Many in Scotland oppose the move over fears that the country would be plunged into darkness. But the Bill would only allow for a study into the benefits, which supporters claim would cut road deaths, boost tourism and reduce energy use.

Main event when PM comes Westcountry

Not for the first time has David Cameron’s attention been diverted when visiting the Westcountry, writes London Editor Graeme Demianyk.

Yesterday the Prime Minister was in Plymouth, home of Western Europe’s biggest naval base, Afghanistan heroes and a substantial commercial dockyard. Defence of the realm, valour and jobs. The Holy Trinity for a Conservative Prime Minister.

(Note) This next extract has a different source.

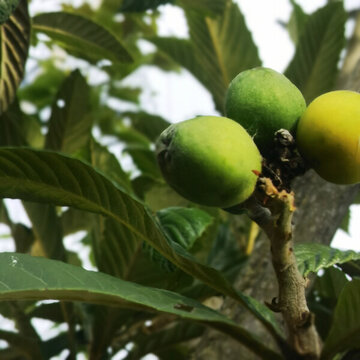 綠枇杷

But Devonport dockyard was 250 miles from the political centre of gravity at 10am yesterday, when all eyes were on the Crown Prosecution Service’s headquarters in London. It’s not every day Mr Cameron will get a “Dear Prime Minister” letter – signifying a ministerial resignation – from one of his Cabinet. Yesterday’s missive, dashed off by Energy Secretary Chris Huhne amid allegations of perverting the course of justice, was his third.

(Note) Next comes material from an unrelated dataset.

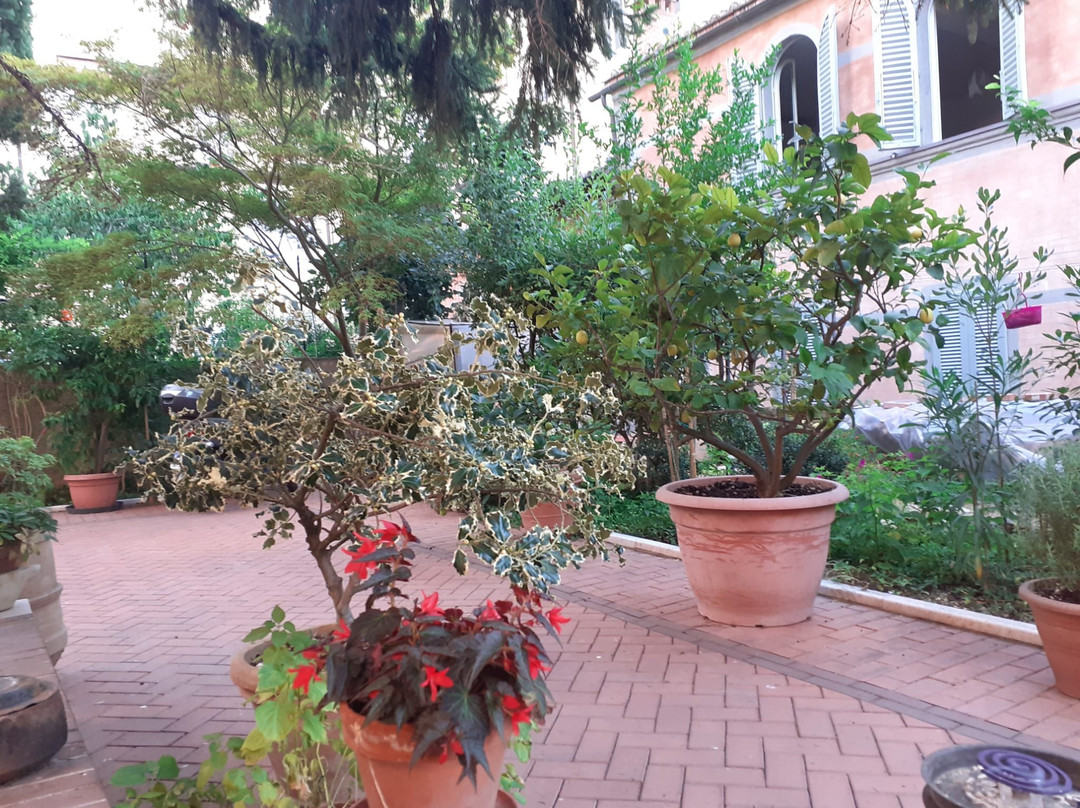 拉科珀塔莉卡玛塔住宿加早餐酒店主图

Cucumber cool, the Prime Minister barely batted an eyelid. “I think Chris Huhne has made the right decision, given the circumstances,” Mr Cameron insisted.

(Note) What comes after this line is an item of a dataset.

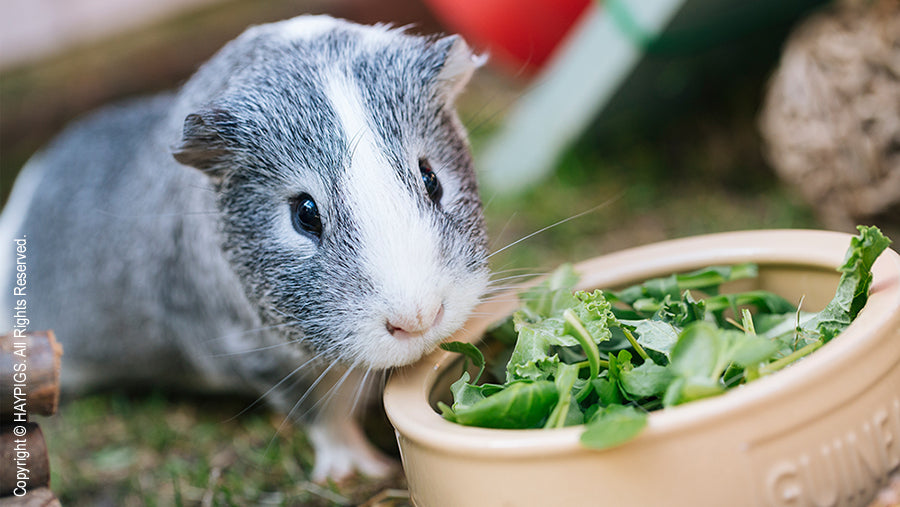 20 Fun Fact About Guinea Pigs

Job done. Back to the glad-handing. But Mr Cameron must be used to things not going entirely to plan when Devon and Cornwall enter his diary. Last summer, a family holiday to North Cornwall was interrupted as euphoric Libyan rebels swept into Tripoli. That’s what happens when you chair the National Security Council. A day later, though, he was back buying locally caught scallops from a Port Isaac fishmonger.

A year earlier, the diversion was more domestic: the early arrival of the Camerons’ fourth child, Florence Rose Endellion, the girl with the Cornish middle name.

Harold Macmillan’s possibly apocryphal saying – “events, my dear boy. Events” – seems to resonate when Mr Cameron visits the far South West.

Cameron's hard hat 'disgrace'

Union leaders were angered after the Prime Minister’s visit halted refit work on the Trident submarine HMS Vigilant.

David Cameron and his party were allowed to tour the submarine in 9 Dock without safety equipment including hard hats, after work was stopped in some areas.

The boat is nearing the end of a three-year, £300million refit and workers have been offered a £400 bonus to complete on time in March.

“It’s a disgrace,” Peter Smith, chairman of the Devonport Dockyard Works Committee said.

But Babcock said it was normal and that workers’ bonuses would not be affected.

Mr Smith said: “I understand that they changed the risk assessment so there was no overhead lifting going on.

“Staff have been promised a £400 bonus if the work finishes by March 5. I hope this won’t put bonuses at risk.

“To my knowledge this has not happened before.

“The company has been driving safety with the unions and this sends out the wrong message to the workforce.”

John Hall, managing director technical at Babcock, said: “From time to time we have VIP visitors and at those times we look at the risk assessment.

“This would not have affected our programme. The critical work was continuing inside the submarine.”

Interviewed by The Herald before the submarine tour, Mr Cameron would only say that he would be doing a question and answer session at the Dockyard “and I don’t think anyone will be wearing hard hats there”.